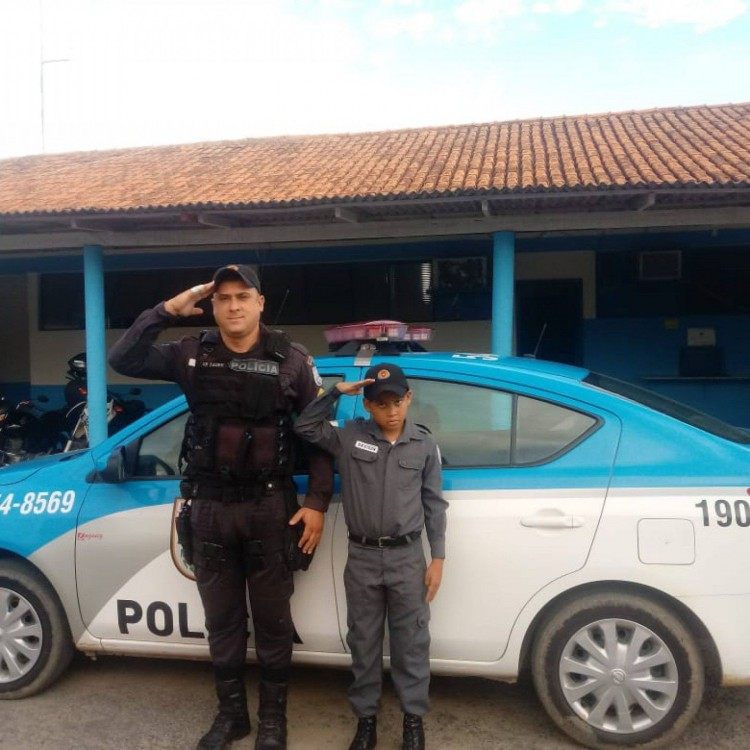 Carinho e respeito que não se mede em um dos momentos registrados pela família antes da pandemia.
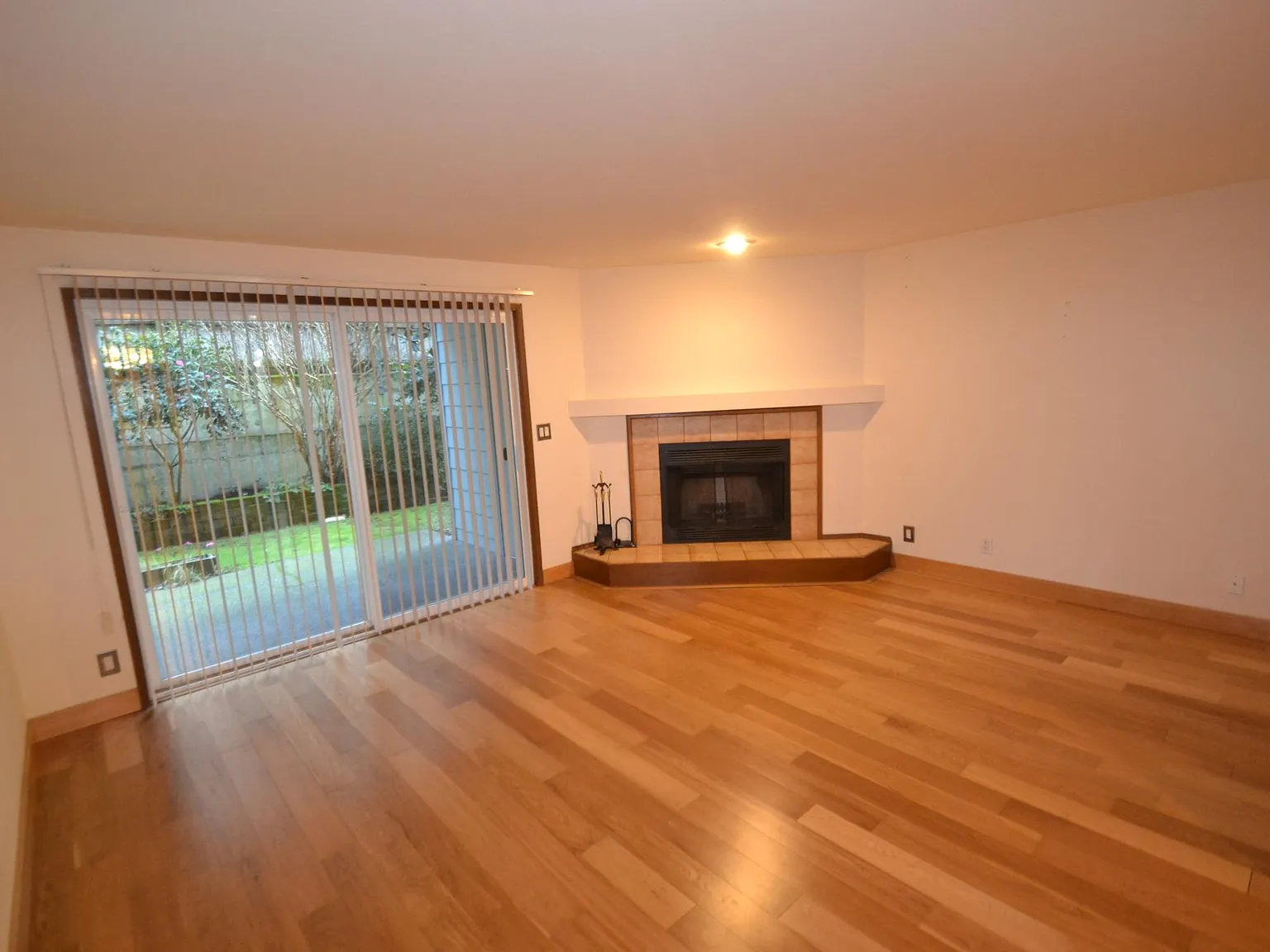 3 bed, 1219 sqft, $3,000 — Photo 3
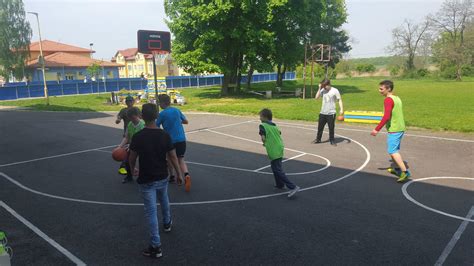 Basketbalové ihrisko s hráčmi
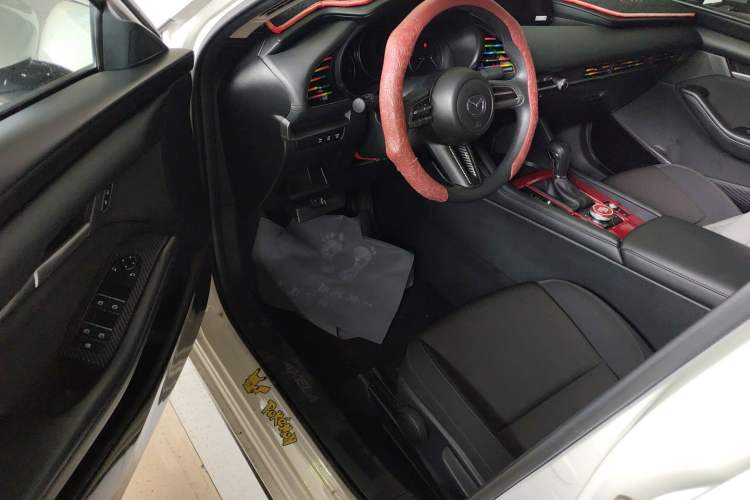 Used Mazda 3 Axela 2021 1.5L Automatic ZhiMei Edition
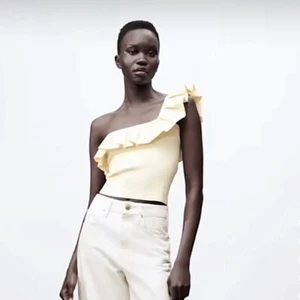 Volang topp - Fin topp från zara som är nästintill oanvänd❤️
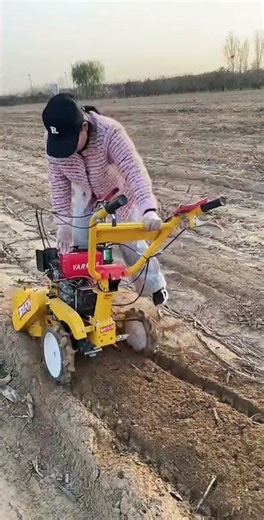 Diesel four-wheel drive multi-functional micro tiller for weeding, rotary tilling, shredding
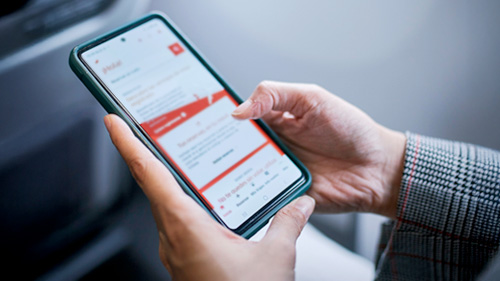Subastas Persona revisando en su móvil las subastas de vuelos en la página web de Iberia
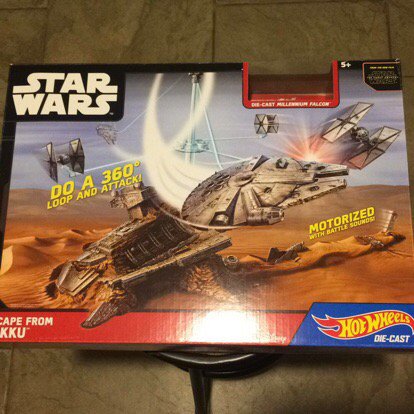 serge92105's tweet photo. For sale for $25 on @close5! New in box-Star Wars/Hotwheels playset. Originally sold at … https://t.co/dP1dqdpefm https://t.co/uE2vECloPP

● ● ● ● ●

WHAT THIS TASK INVOLVES |
Write out each line again, exactly as it appears above, except for any picture.

RESULT |
 Carinho e respeito que não se mede em um dos momentos registrados pela família antes da pandemia.
 3 bed, 1219 sqft, $3,000 — Photo 3
 Basketbalové ihrisko s hráčmi
 Used Mazda 3 Axela 2021 1.5L Automatic ZhiMei Edition
 Volang topp - Fin topp från zara som är nästintill oanvänd❤️
 Diesel four-wheel drive multi-functional micro tiller for weeding, rotary tilling, shredding
Subastas Persona revisando en su móvil las subastas de vuelos en la página web de Iberia
 serge92105's tweet photo. For sale for $25 on @close5! New in box-Star Wars/Hotwheels playset. Originally sold at … https://t.co/dP1dqdpefm https://t.co/uE2vECloPP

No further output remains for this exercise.